--- Data to use ---

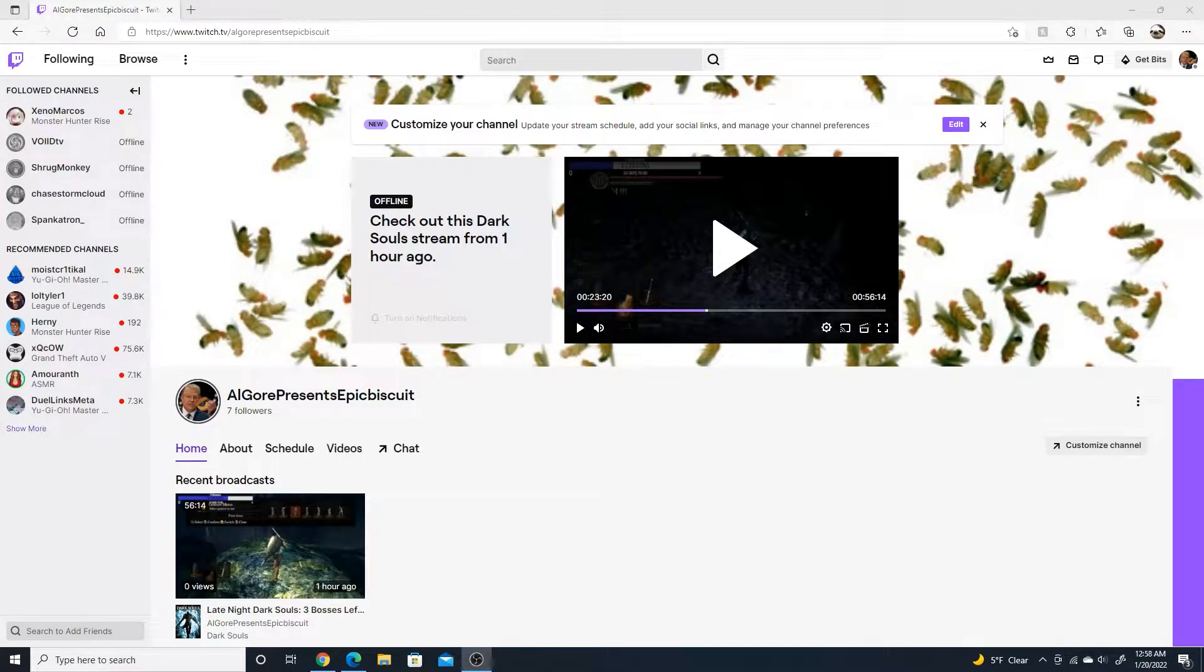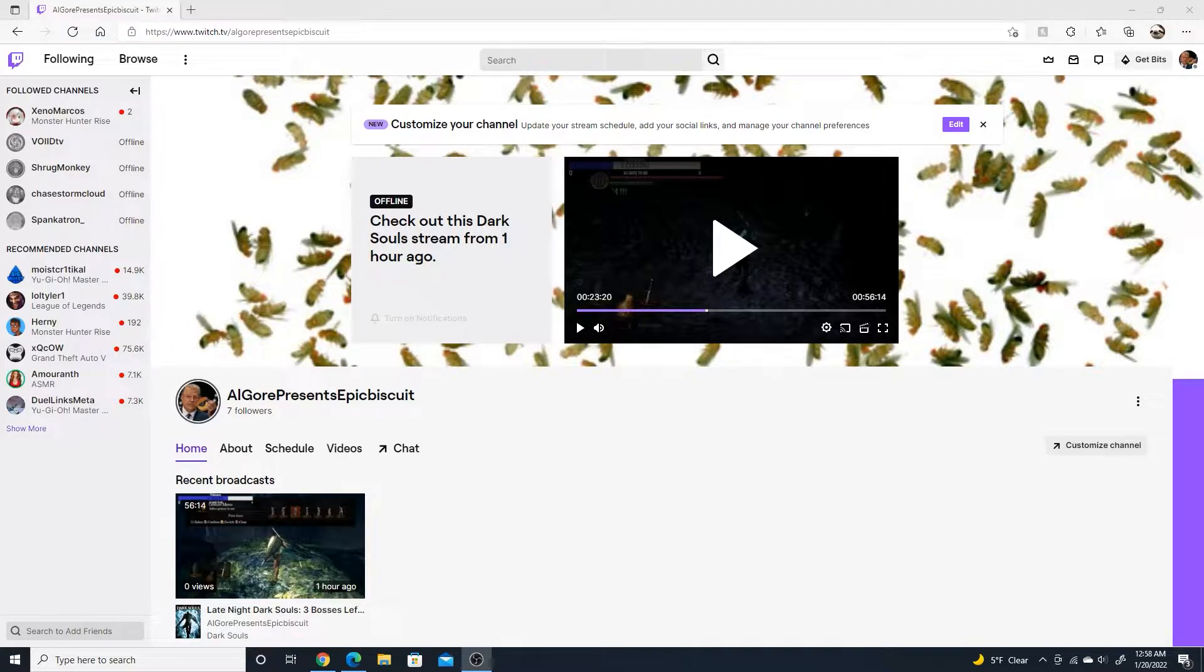This is just going to be a quick update here. I just want to let all of you know that from now on I will be live streaming on Twitch rather than YouTube.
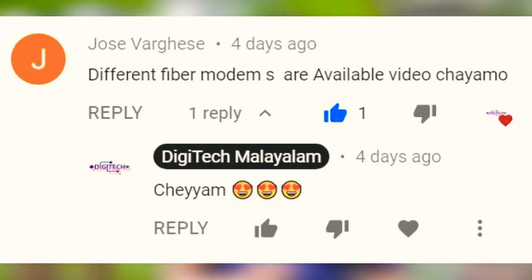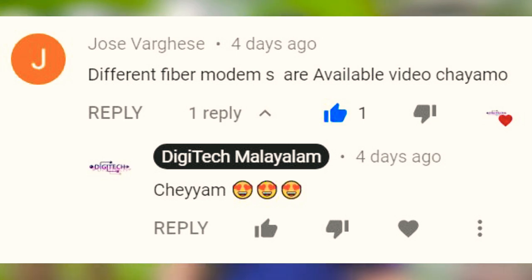There is also a fiber model that is available in the market. That's why we can use it. If you have any subscribers, please give us a video.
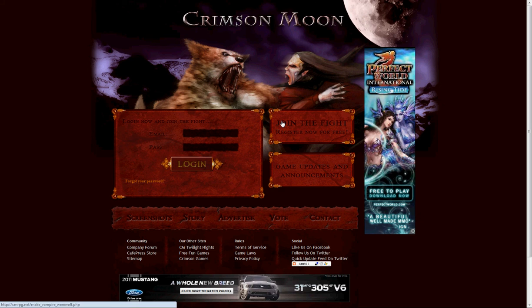Today we're going to show you how to add a Playlist.com music player to your Crimson Moon profile found at cmrpg.net or cmrpg2.com.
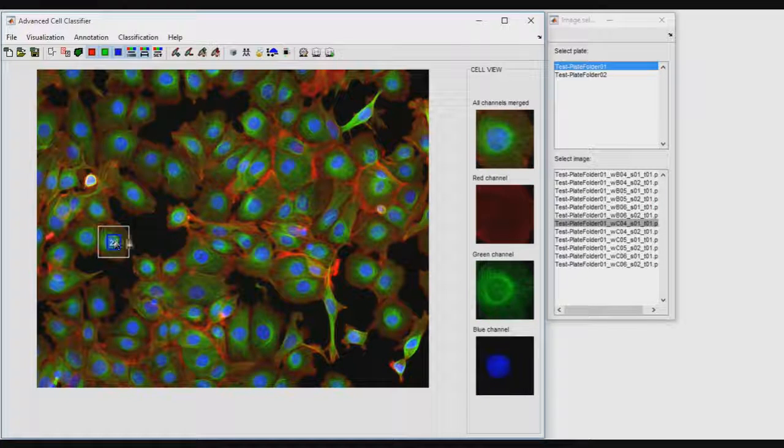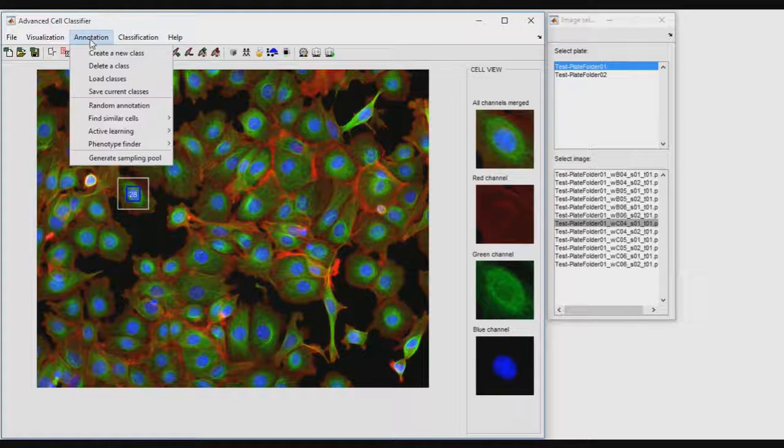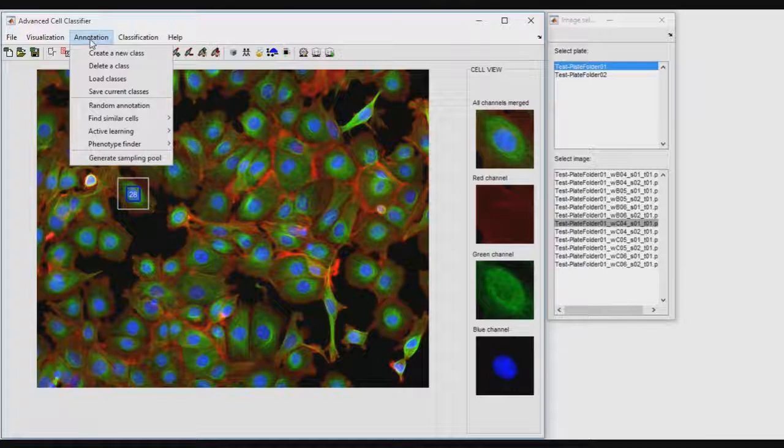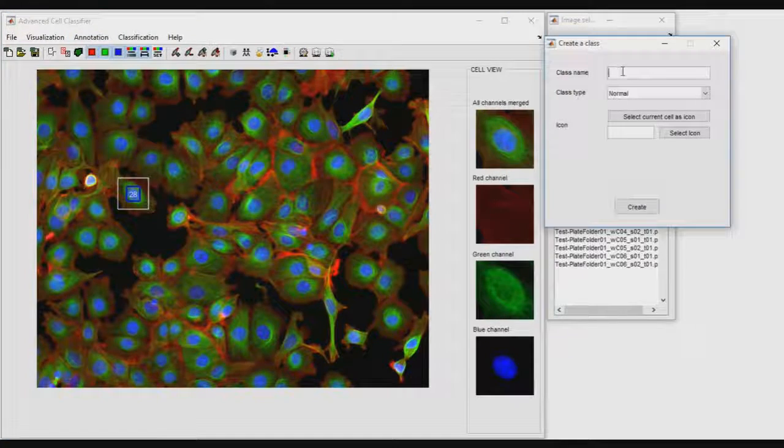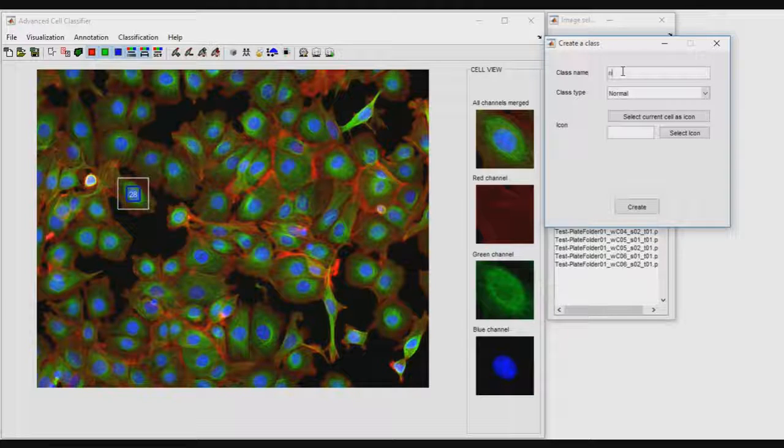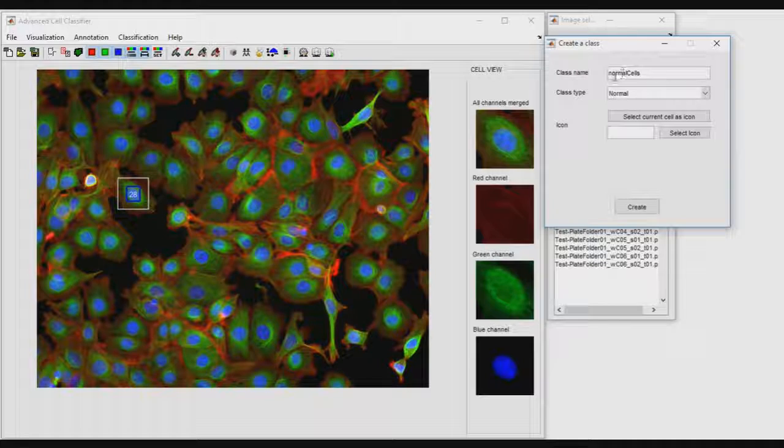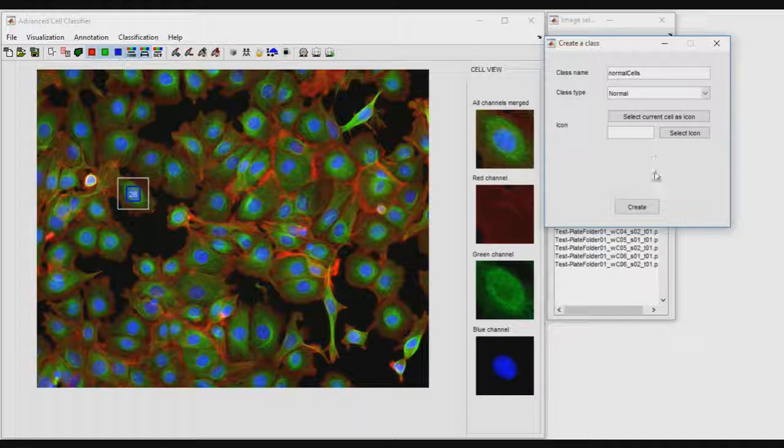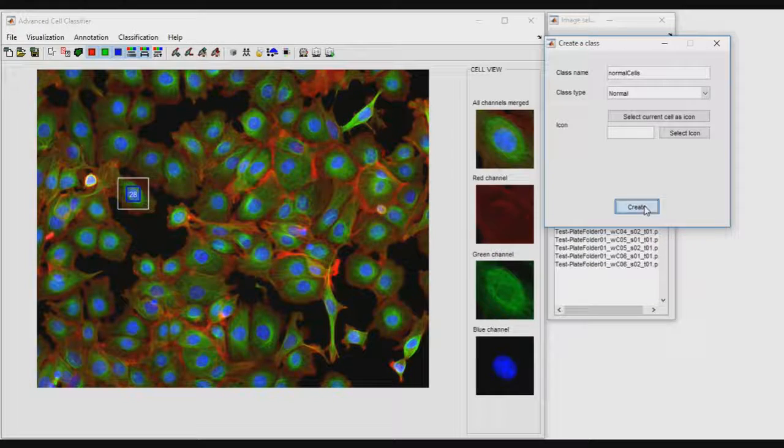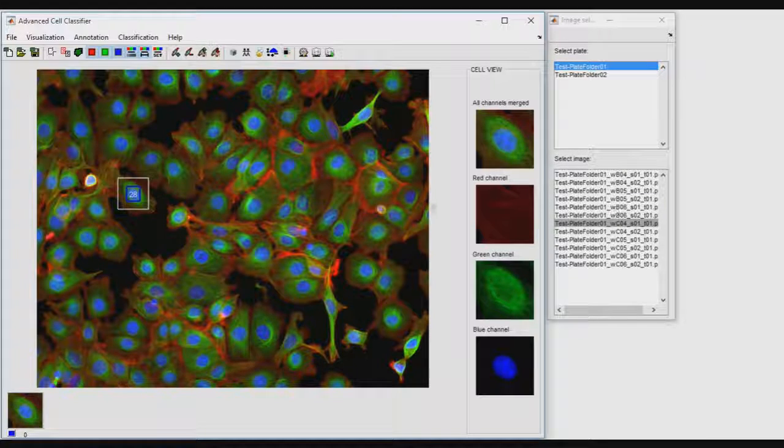To create classes of interest, users may select a cell and then click on Annotation - Create a new class. An icon representing the class will appear in the left-bottom corner of the main window.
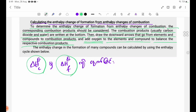The enthalpy change in the formation of many compounds can be calculated by using the enthalpy cycle shown below.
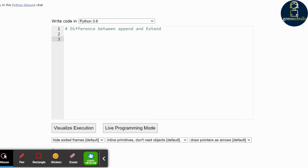Let us understand the difference between append and extend in Python. This is an important question in Python interviews. When you use the append method, its argument is added as a single element to the end of the list, increasing the length by one. Whereas with the extend method, it iterates over its argument, adding each element to the list by extending it.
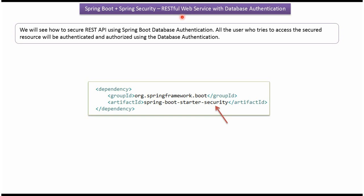In this video tutorial I will explain Spring Boot Security for RESTful Web Service with Database Authentication. To enable Spring Boot Security in pom.xml file, we have to add Spring Boot Starter Security.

---

■ What you need to do ■
Each line from the beginning of the entries up to and including the one containing "There is also" must be restated exactly. Pictures are to be left out.

■ Exercise response ■
This is just going to be a quick update here. I just want to let all of you know that from now on I will be live streaming on Twitch rather than YouTube.
There is also a fiber model that is available in the market. That's why we can use it. If you have any subscribers, please give us a video.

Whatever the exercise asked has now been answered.